(Exercise goal):
Repeat the records below word for word and omit each image.

(Records supplied):

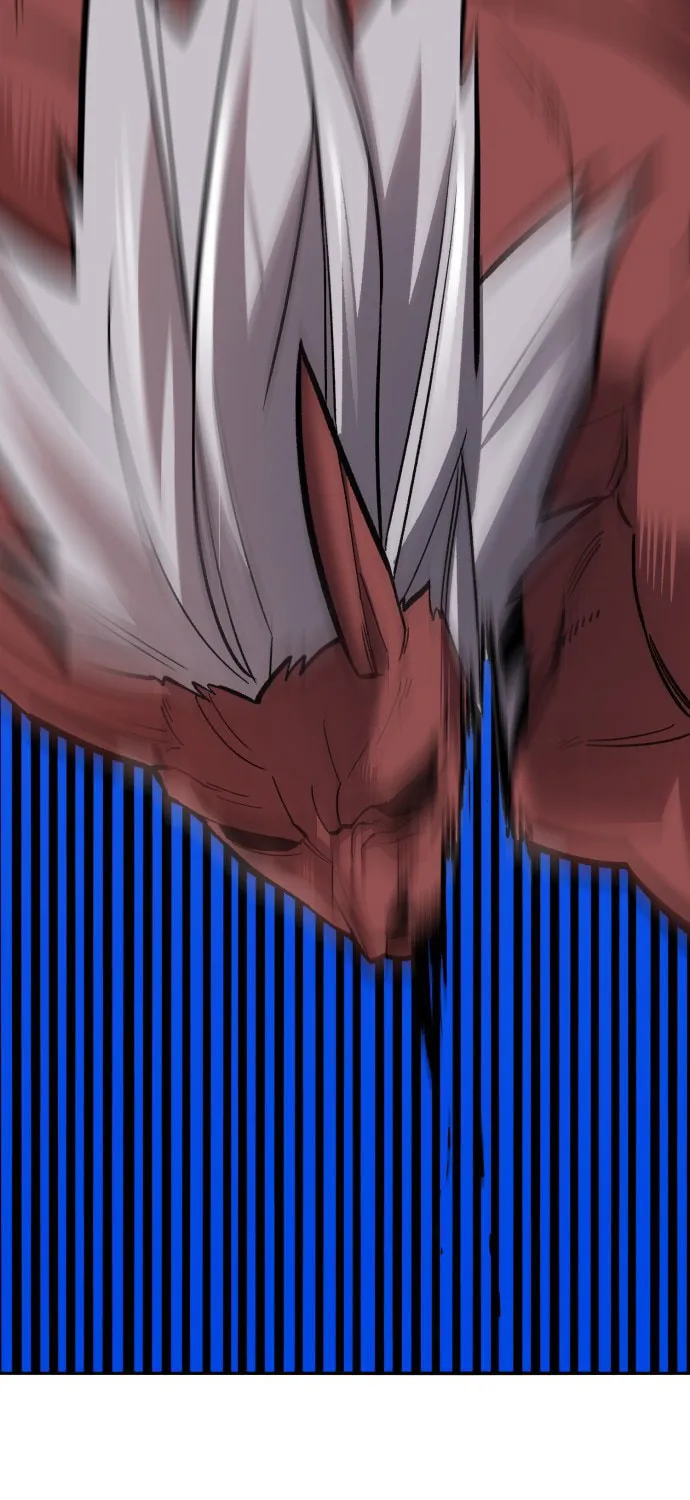 Read Limit Breaker chapter 122 image 179 on Lezhin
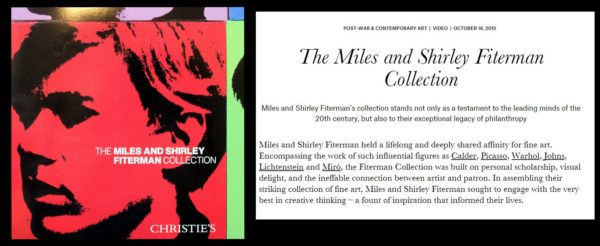 2016-01-18 2016-01-18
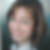 Profilbild von Evi Unglaube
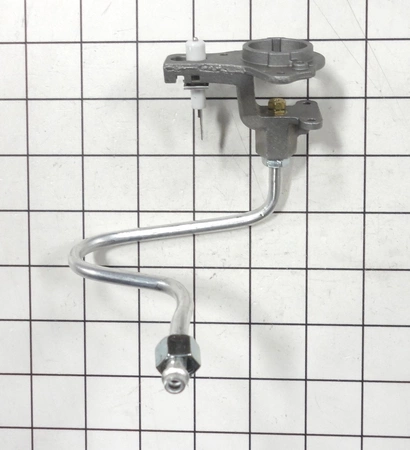 316536614 Frigidaire Igniter/Orifice Assembly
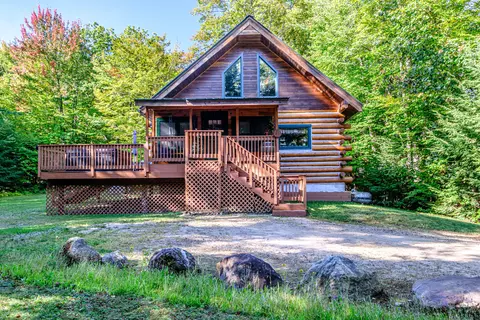 26 Bobs Way, Bethel, ME 04217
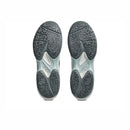 ASICS COURT HUNTER FF
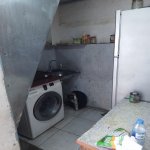 Kirayə (aylıq) 3 otaqlı Həyət evi/villa, Elmlər akademiyası metrosu, Yasamal rayonu 7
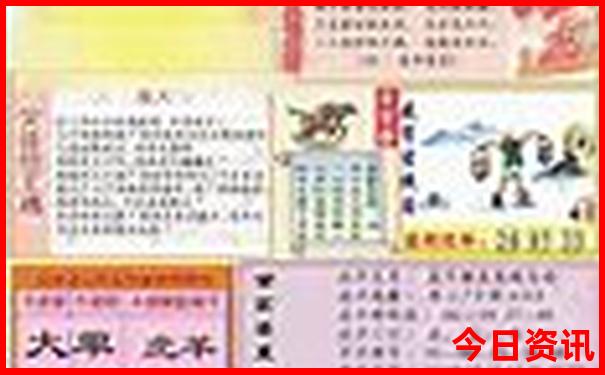 广元十大景点排名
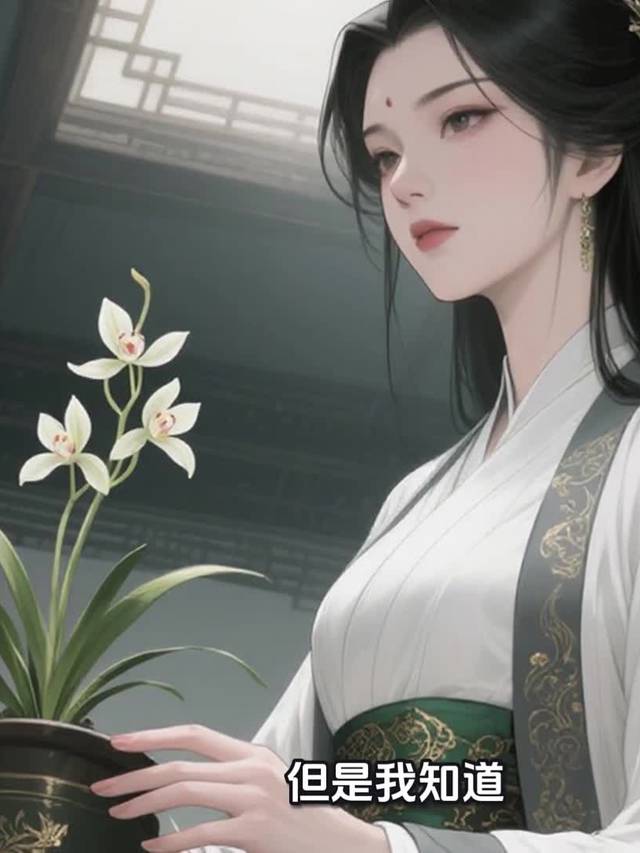 凤栖新梧封面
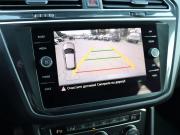 Volkswagen Tiguan II Самара  - изображение 39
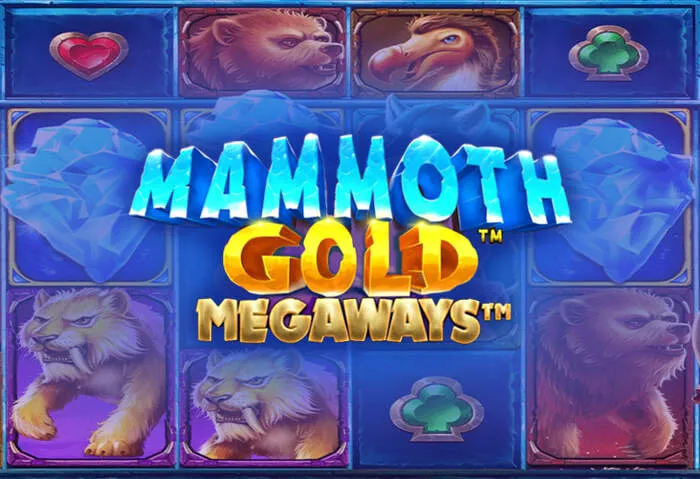 Win real money with Empire Throne Casino no deposit bonus codes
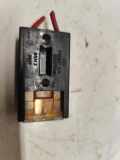 Sicherungskasten AUDI A4 Avant (8D5, B5) 1.9 DUO 8A0937530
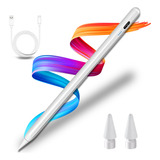 Caneta iPad 6 7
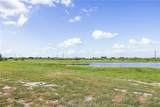 6951 Watermelon Road - Photo 27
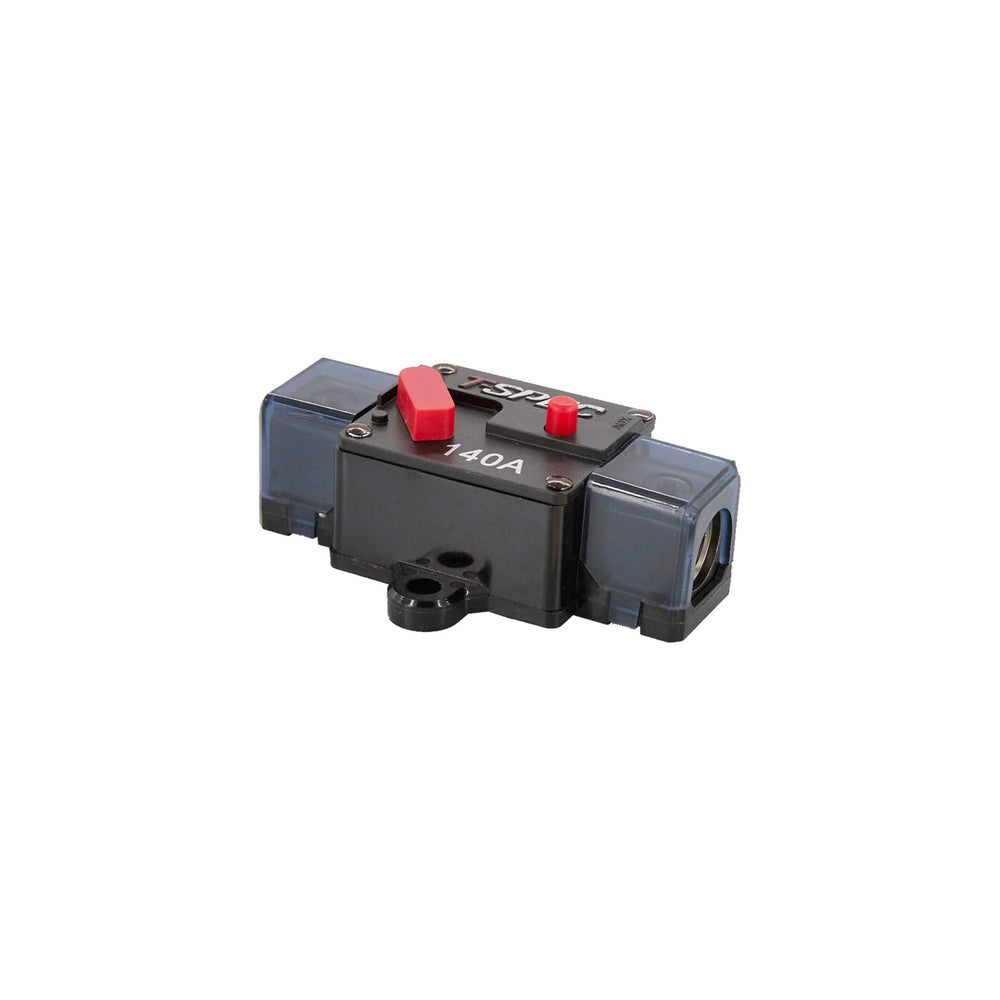 T-Spec V12 CIRCUIT BREAKER V12-CBF140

(Solution for this problem):
 Read Limit Breaker chapter 122 image 179 on Lezhin
 2016-01-18 2016-01-18
 Profilbild von Evi Unglaube
 316536614 Frigidaire Igniter/Orifice Assembly
 26 Bobs Way, Bethel, ME 04217
 ASICS COURT HUNTER FF
 Kirayə (aylıq) 3 otaqlı Həyət evi/villa, Elmlər akademiyası metrosu, Yasamal rayonu 7
 广元十大景点排名
 凤栖新梧封面
 Volkswagen Tiguan II Самара  - изображение 39
 Win real money with Empire Throne Casino no deposit bonus codes
 Sicherungskasten AUDI A4 Avant (8D5, B5) 1.9 DUO 8A0937530
 Caneta iPad 6 7
 6951 Watermelon Road - Photo 27
 T-Spec V12 CIRCUIT BREAKER V12-CBF140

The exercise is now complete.